[[ Listed records, beginning ]]

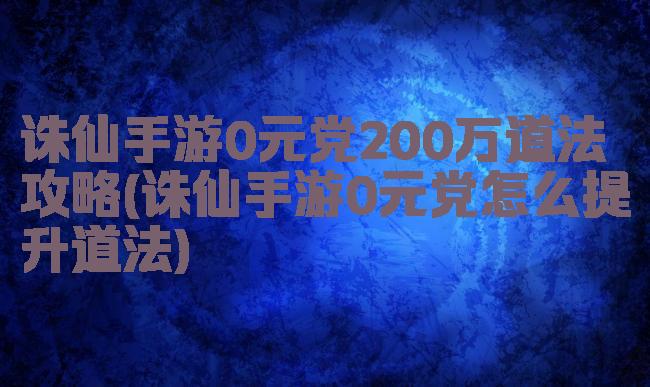 诛仙手游0元党200万道法攻略(诛仙手游0元党怎么提升道法)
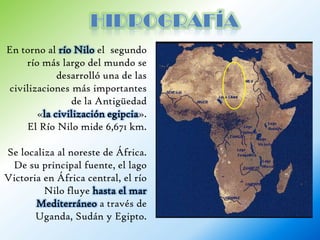 En torno al río Nilo el segundo
     río más largo del mundo se
             desarrolló una de las
 civilizaciones más importantes
                de la Antigüedad
        «la civilización egipcia».
     El Río Nilo mide 6,671 km.

Se localiza al noreste de África.
 De su principal fuente, el lago
Victoria en África central, el río
         Nilo fluye hasta el mar
       Mediterráneo a través de
       Uganda, Sudán y Egipto.
 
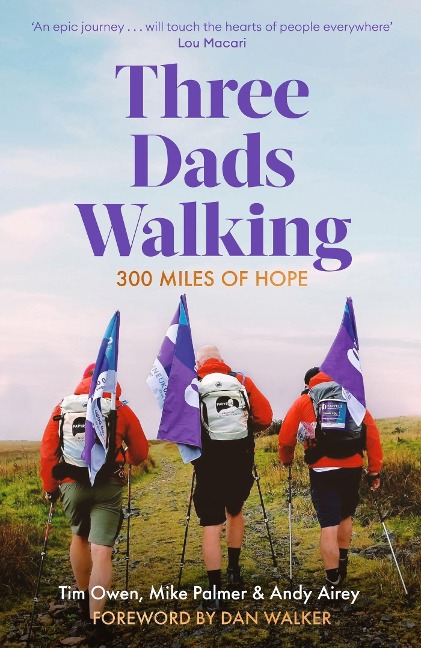 Three Dads Walking: 3 Miles of Hope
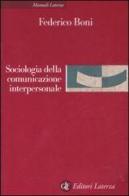 Sociologia della comunicazione interpersonale di Federico Boni edito da Laterza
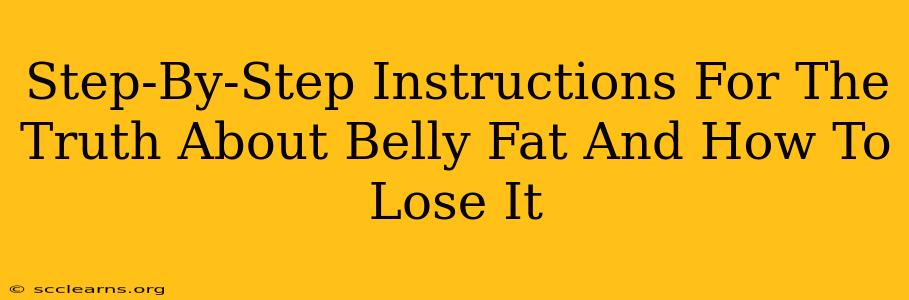 Step-By-Step Instructions For The Truth About Belly Fat And How To Lose It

[[ Listed records, end ]]

**Exercise brief**
Write out, exactly as they stand, the line with "de la Antigüedad" and every line after it through the end of the entries above; omit the pictures.

**Exercise answer**
                de la Antigüedad
        «la civilización egipcia».
     El Río Nilo mide 6,671 km.

Se localiza al noreste de África.
 De su principal fuente, el lago
Victoria en África central, el río
         Nilo fluye hasta el mar
       Mediterráneo a través de
       Uganda, Sudán y Egipto.
 
 Three Dads Walking: 3 Miles of Hope
 Sociologia della comunicazione interpersonale di Federico Boni edito da Laterza
 Step-By-Step Instructions For The Truth About Belly Fat And How To Lose It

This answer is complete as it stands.